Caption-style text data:
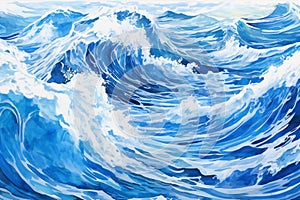 Blue sea wave background,  Watercolor illustration,  Digital art painting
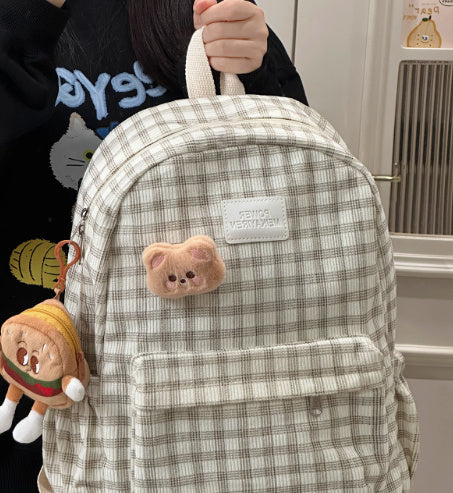 Japanese Ins Campus Retro Checked Backpack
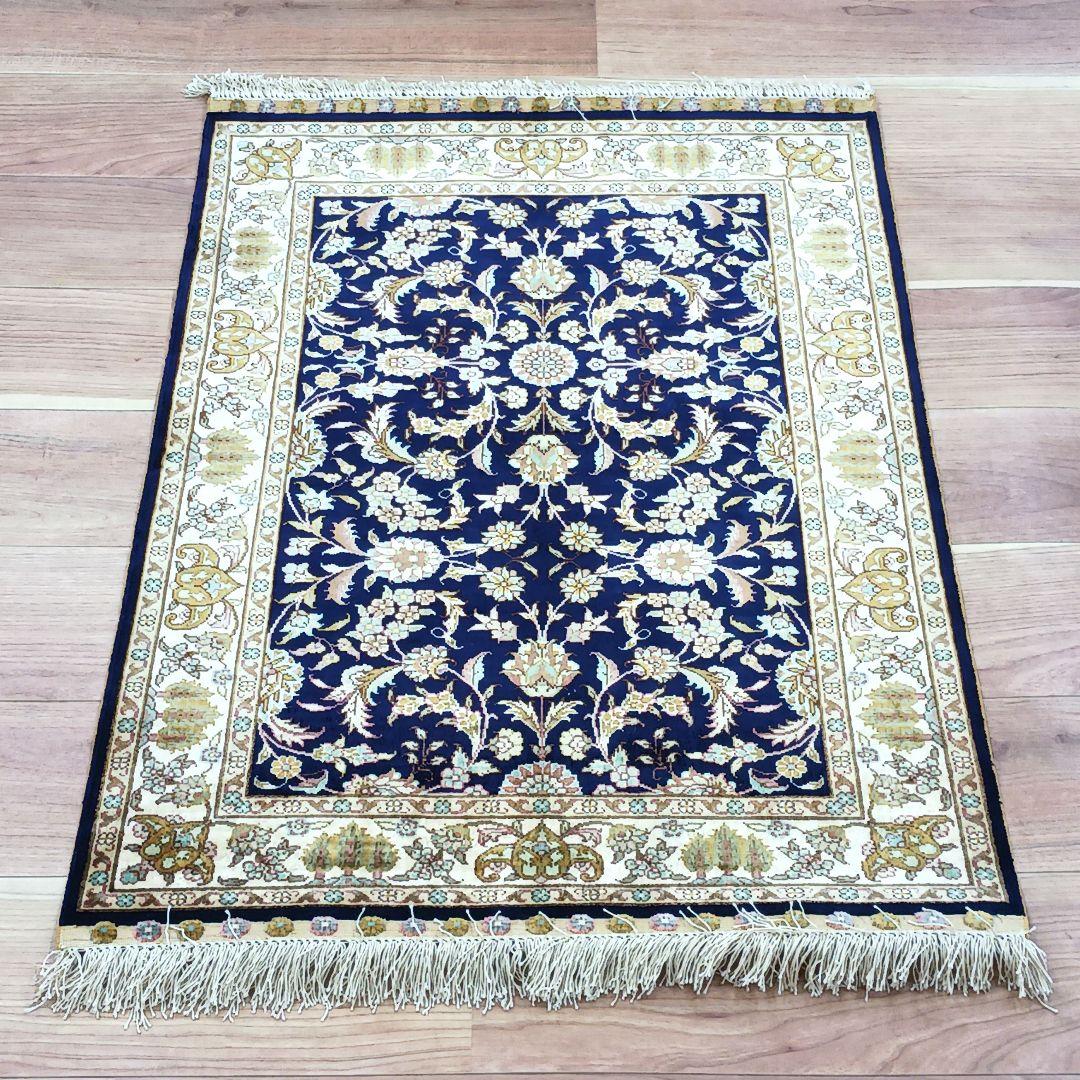 Y3181 トルコ カイセリ絨毯 シルク100% 手織り 93×63㎝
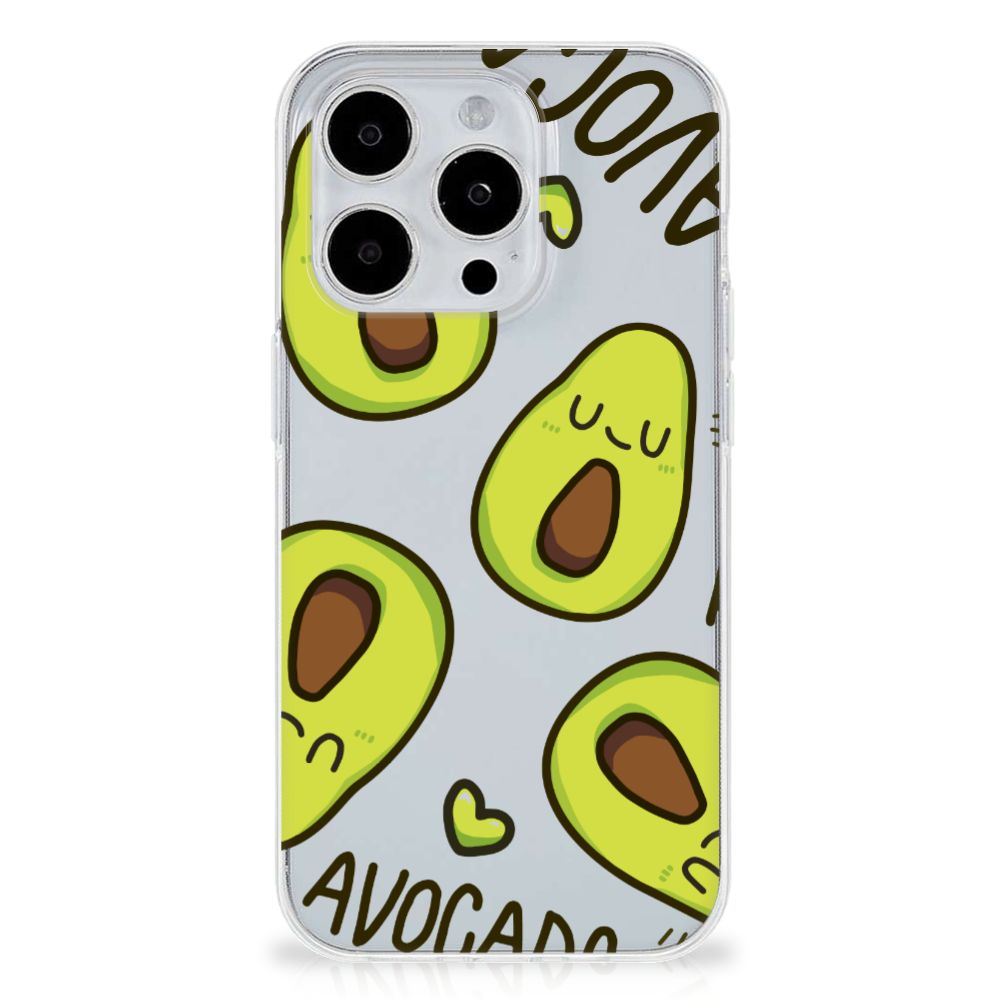iPhone 15 Pro Telefoonhoesje met Naam Avocado Singing met vrolijke avocado's en een schattig ontwerp đĨ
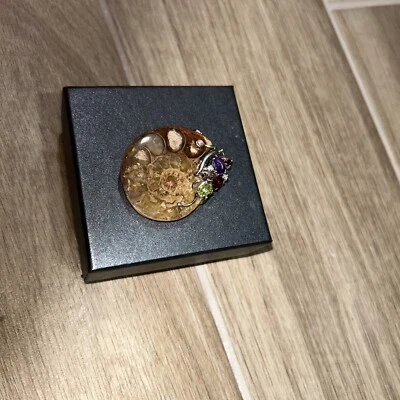 Colgante de plata de ley .925 amonita fosilizada  Foto 1 de 2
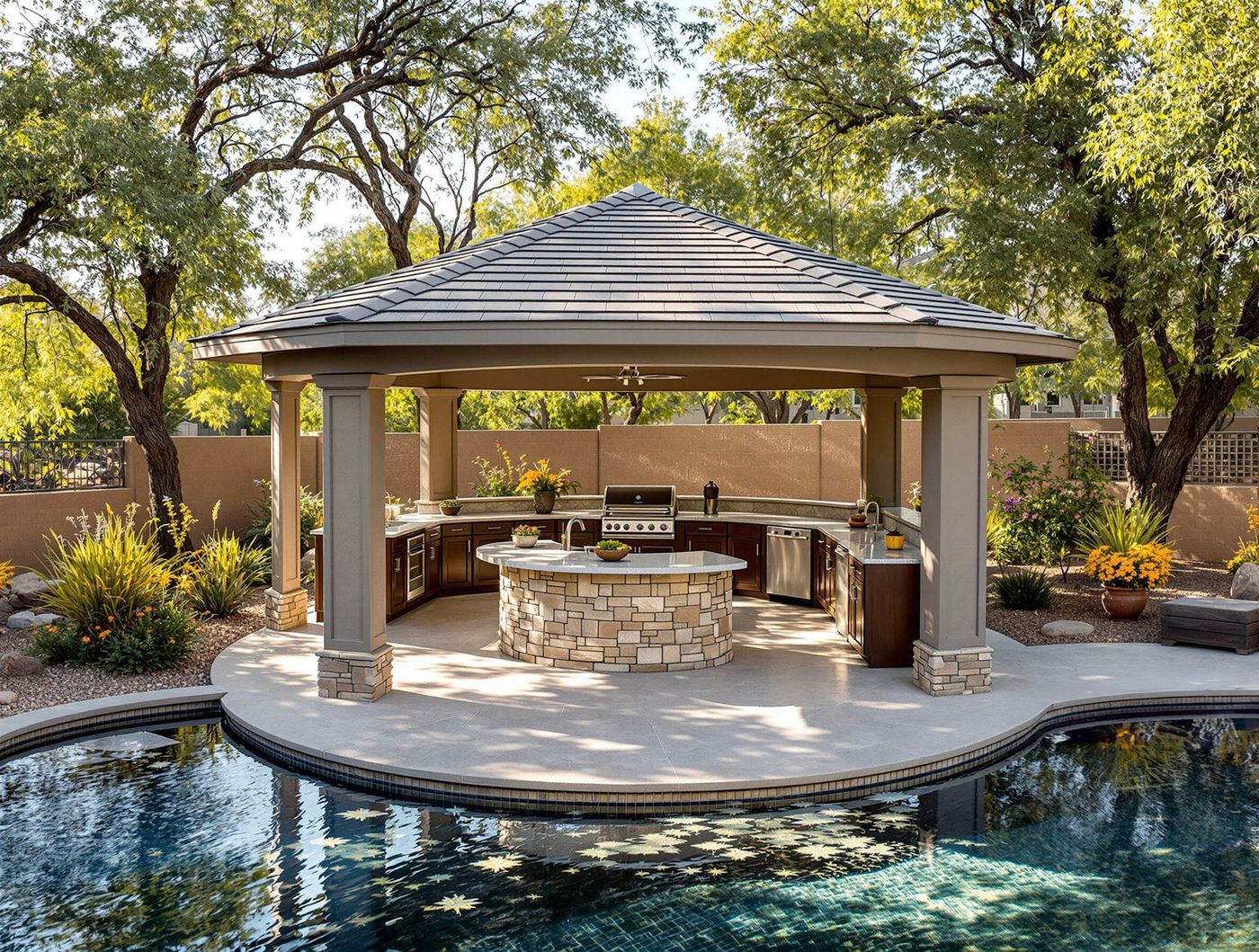 Round Stone Island Kitchen Beside the Pool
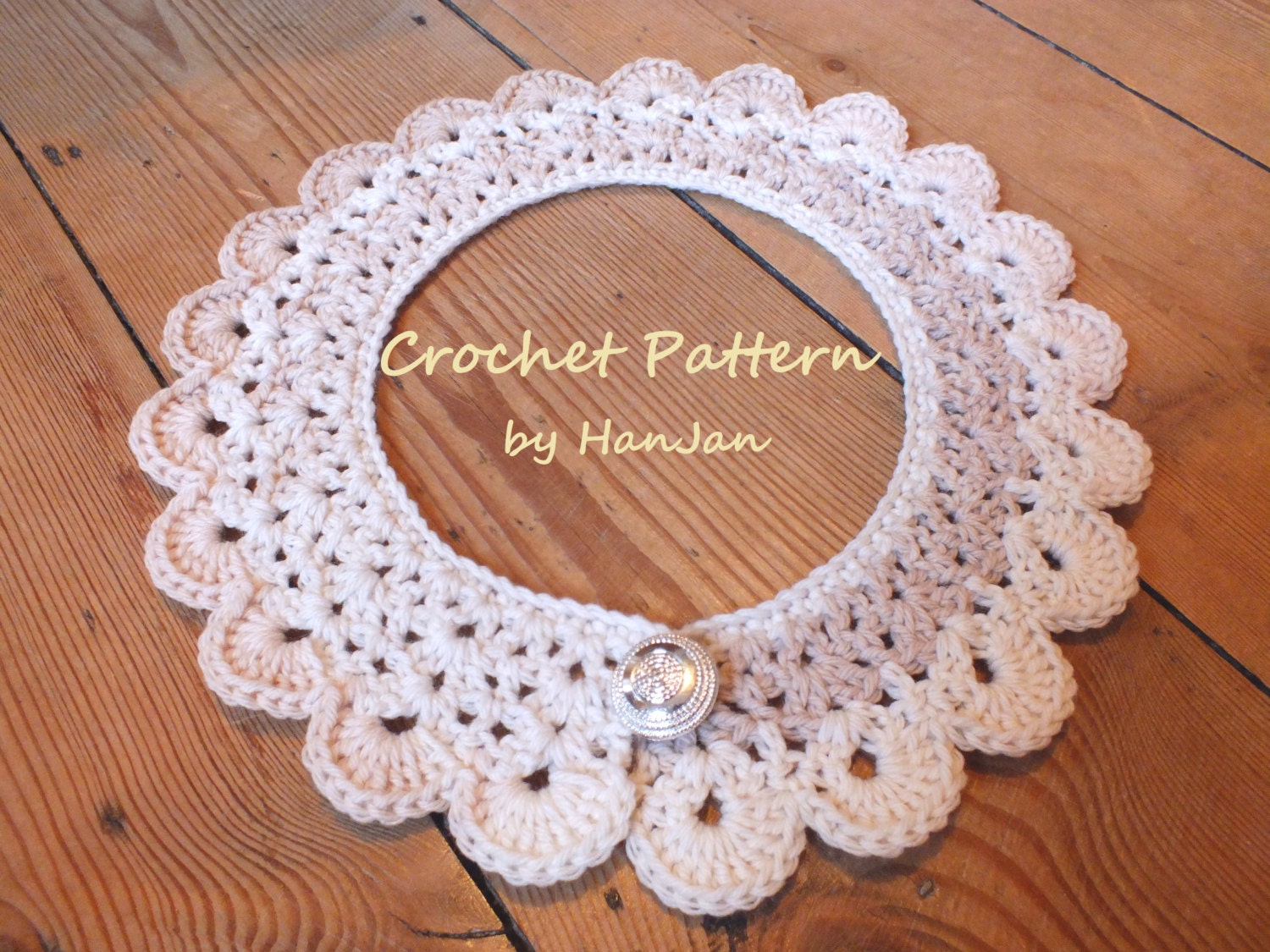 Instant Download PDF Crochet Pattern: Pretty Peter Pan Neck Collars in 5 sizes - US instructions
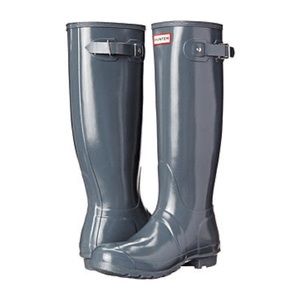 New In Box Hunter Women’s Original Tall Gloss Rain Boots in Graphite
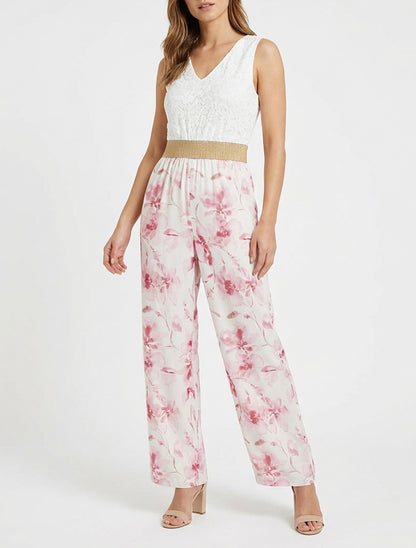 Combinaison bustier dentelle fleuri - Rose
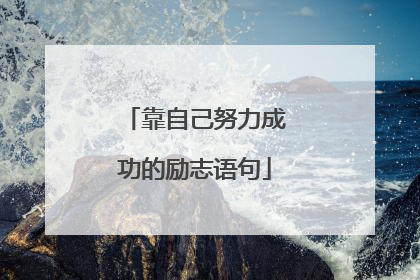 靠自己努力成功的励志语句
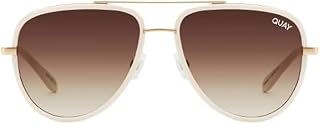 Australia All In Oversized Aviator Sunglasses 100% UV Protection (White/Brown Mini)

[REQUIRED WORK]:
The entries must be written out again unchanged. Images are to be left out.

[EXERCISE RESULT]:
 Blue sea wave background,  Watercolor illustration,  Digital art painting
 Japanese Ins Campus Retro Checked Backpack
 Y3181 トルコ カイセリ絨毯 シルク100% 手織り 93×63㎝
iPhone 15 Pro Telefoonhoesje met Naam Avocado Singing met vrolijke avocado's en een schattig ontwerp đĨ
 Colgante de plata de ley .925 amonita fosilizada  Foto 1 de 2
 Round Stone Island Kitchen Beside the Pool
 Instant Download PDF Crochet Pattern: Pretty Peter Pan Neck Collars in 5 sizes - US instructions
 New In Box Hunter Women’s Original Tall Gloss Rain Boots in Graphite
 Combinaison bustier dentelle fleuri - Rose
 靠自己努力成功的励志语句
 Australia All In Oversized Aviator Sunglasses 100% UV Protection (White/Brown Mini)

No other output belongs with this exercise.